Co do rurek to ja obłowiłam sie w reserved. Są malinowe wiec polecam :-) w h&m sa tez fajne portki bezowe, czerwone ale chyba chinosy.

firanka szybko Ci lekarka powidziala o tym wprowadzaniu jedzenia. Ja bym poczekala jeszcze z 5 tyg chociaz
 
Ostatnia edycja:
przeniosłam się na BB Lublin :p (mąż ma propozycję pracy stamtąd..) a serio to jestem jestem :)))
witam nową mamę Tafojkę :) i jeszcze tylko zapamiętałam - Jagmar zdrówka, Skrzat miłych imprezek i sesji, Marcia i Natuśka zazdroszczę miejsc do spacerowania i działeczki :D
u nas pomieszanie w poplątaniem.. w środę ten pełen wrażeń dzień na Malcie ;) mąż na służbowej kolazji z której wrócił właśnie z tym newsem o Lublinie.. w czwartek byłam z przyjaciółką szukać sukienki ślubnej (się normalnie wzruszyłam jak ją zobaczyłam :D), potem postawiła nam obiad w podziękowaniu za latanie z nią, i potem mąż poleciał ją odwieźć a ja na zakupy do tesco bo pojechałam na noc do Ishi (dzięki kochana:*):D a tam.. o matko z córką!!! trzymały mnie z Lilou do 4, nafaszerowały pyszną pizzą i sałatką, alkoholem, kazały oglądać świetny film, zagadały na śmierć.. normalnie tortury :D a w piątek Sebuś wstał o 7:30 dając o tym znać obijaniem podłogi Ishi (sorry Ishi :D) drewnianym autkiem ;) miałyśmy jechac do Jagmar ale niestety się nam pochorowała (zdrówka!), a po południu dojechała Ajentka i się wystawiłyśmy na słońce, nawet dostałyśmy pyszny deser od Lilou (dzięki kochana :*). było super, ale jak wracałam to się źle poczułam, ból głowy, mdłości.. Aguś nas podwiozła (dzięki kochana :*), mąż wziął na wpół śpiącego dziecia i polecieliśmy do domu, młody wył 15min ze zmęczenia (a przecież była która? 19? 20?), więc go usypialiśmy, ja padłam w ciuchach, obudziłam się o 24, umyłam i poszłam spać dalej, bo byłam nieprzytomna z bólu głowy i żołądka (chciały mnie otruć???:p).. ale jak tylko wstałam to przyleciałam od razu do Was :D bo normalnie czułam się jak na odwyku :D
 
Marciaa no właśnie przy Nicole też tak wprowadzałam i było wszystko w porządku,więc jak wspomniała o tym,że można już coś wprowadzić to stwierdziłam,że zobaczymy.

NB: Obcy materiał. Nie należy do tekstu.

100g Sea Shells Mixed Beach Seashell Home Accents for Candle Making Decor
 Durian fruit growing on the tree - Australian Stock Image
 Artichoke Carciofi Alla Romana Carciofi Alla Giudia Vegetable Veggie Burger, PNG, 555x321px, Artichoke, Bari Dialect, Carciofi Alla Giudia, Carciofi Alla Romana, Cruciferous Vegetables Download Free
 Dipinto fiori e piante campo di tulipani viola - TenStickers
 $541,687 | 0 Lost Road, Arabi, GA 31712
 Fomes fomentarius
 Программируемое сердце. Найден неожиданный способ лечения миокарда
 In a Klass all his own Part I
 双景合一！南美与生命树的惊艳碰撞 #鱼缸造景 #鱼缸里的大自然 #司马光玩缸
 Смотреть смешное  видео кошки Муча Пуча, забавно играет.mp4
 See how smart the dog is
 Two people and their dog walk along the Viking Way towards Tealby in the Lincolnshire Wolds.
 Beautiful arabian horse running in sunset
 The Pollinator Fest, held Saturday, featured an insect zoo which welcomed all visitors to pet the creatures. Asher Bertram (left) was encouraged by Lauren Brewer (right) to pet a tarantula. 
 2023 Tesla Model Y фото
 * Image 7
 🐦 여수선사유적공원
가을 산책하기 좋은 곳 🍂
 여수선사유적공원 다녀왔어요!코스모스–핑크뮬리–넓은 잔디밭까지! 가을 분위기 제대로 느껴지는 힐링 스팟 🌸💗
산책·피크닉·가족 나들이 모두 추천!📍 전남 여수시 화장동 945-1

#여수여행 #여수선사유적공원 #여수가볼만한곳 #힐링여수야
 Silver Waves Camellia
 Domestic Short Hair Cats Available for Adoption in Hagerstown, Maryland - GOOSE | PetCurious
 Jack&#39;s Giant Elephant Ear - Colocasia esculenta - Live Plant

My dopiero wstaliśmy...teraz karmię Krzysiaczka i biorę się za sprzątania,potem mykam na dwór:tak:
 
reklama
Hejka
Skrzat, Tygrynka miałyście intensywny dzień. Tygrynka w szczególności, dzień i noc. Dziewczyny na bank chciały Cie otruć ale same coś niedomagają bo ich nie ma ;p.
Ja bez zmian. Zastanawiam się czy iść z maludą na spacer wygrzać gardło na słoneczku. W domu cisza i spokój, Zosia u babci szaleje, podobno ma delikatny kaszelek i katarek. Mam nadzieję, że to się nie rozwinie.
Firanka grubo poszłaś z tym deserkiem. hmhmhmmmm.... bananek. Ja po wczorajszej marchewce daję na wstrzymanie kilka dni bo mała była marudna i podam jej ziemniaczka albo jabłuszko.

Miałam jeszcze napisać Tgrynka nonono nieładnie nas z Lublinem zdradzac !!! nieładnie, nieładnie.